Nach Köln ist Frankfurt die zweite Anlaufstation der von dem Künstler und Gruppenmitglied Michael Reisch kuratierten Ausstellung. Schierke&Seinecke zeigen in der eigens für ihre Galerie konzipierten Ausstellung Werke von Banz&Bowinkel, Arno Beck, Raphael Brunk, Philipp Goldbach, Alex Grein, Beate Gütschow, Achim Mohné, Susan Morris, Johannes Post, Michael Reisch, Björn Siebert und David Young.
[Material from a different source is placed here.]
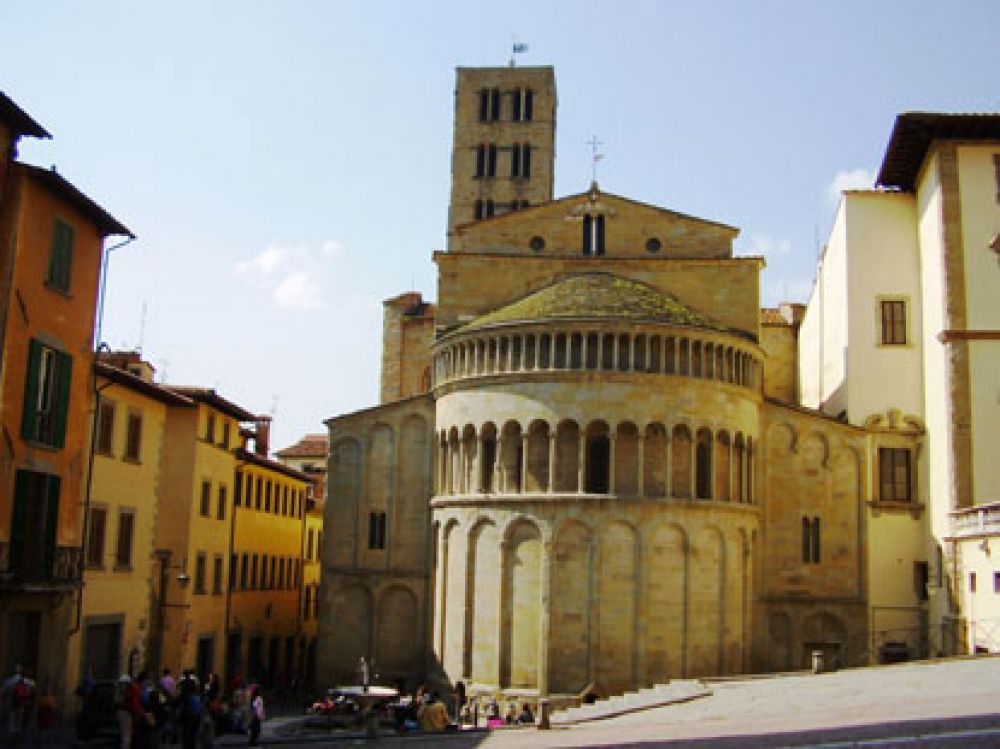 Non dimenticate di inserire nel vostro itinerario e di visitare la Pieve di Santa Maria ad Arezzo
Vorbei ist die Zeit der Postkartenansichten
Eine haptische Impression Frankfurts präsentiert der Aachener Künstler Achim Mohné (55). Speziell für diese Ausstellung schuf er ein 3D-Google-Earth-Modell, das den Standort rund um die in der Niddastraße gelegene Galerie zeigt. Dem maßstabsgetreuen Modell liegt ein vom Künstler entwickeltes, analog-digitales Verfahren zugrunde. Er zeigt nicht die reale Situation, sondern greift direkt auf Screenshots der Google-Earth-App zu, die hunderte von Kamera-Drohnen mit virtuellen Kamera aufnahmen. Aus diesem Material fertigt er im Computer ein dreidimensionales Modell an, das im 3D-Verfahren ausgedruckt wird. Entstanden ist eine Fiktion, die der eigentlichen Architektursituation vor Ort verblüffend ähnelt. Interessant ist hier auch der humorvolle Verkaufspreis, den die Galeristen mit 3333 Euro ansetzen.
Schreiten wie im Rausch
Hinter den Spiegel gehen, in das Land der unbegrenzten Fantasie eindringen, das wollte schon der Surrealist Jean Cocteau. Für den Düsseldorfer Künstler Raphael Brunk (32), der jetzt wegen der inspirierenden „Vibes“ sein Atelier nach Frankfurt verlegt, ist das kein Problem. Der Schüler von Andreas Gursky bedient sich dabei der Welten der Computerspiele. Zusammen mit Programmieren hat er ein digitales Hacking-Tool entwickelt. Mithilfe dieses Tools kann er vorgegebene Kameraperspektiven verlassen, scheinbar mühelos durch Wände und Böden schreiten und die Rückseite der konstruierten Spiele-Architektur fotografieren.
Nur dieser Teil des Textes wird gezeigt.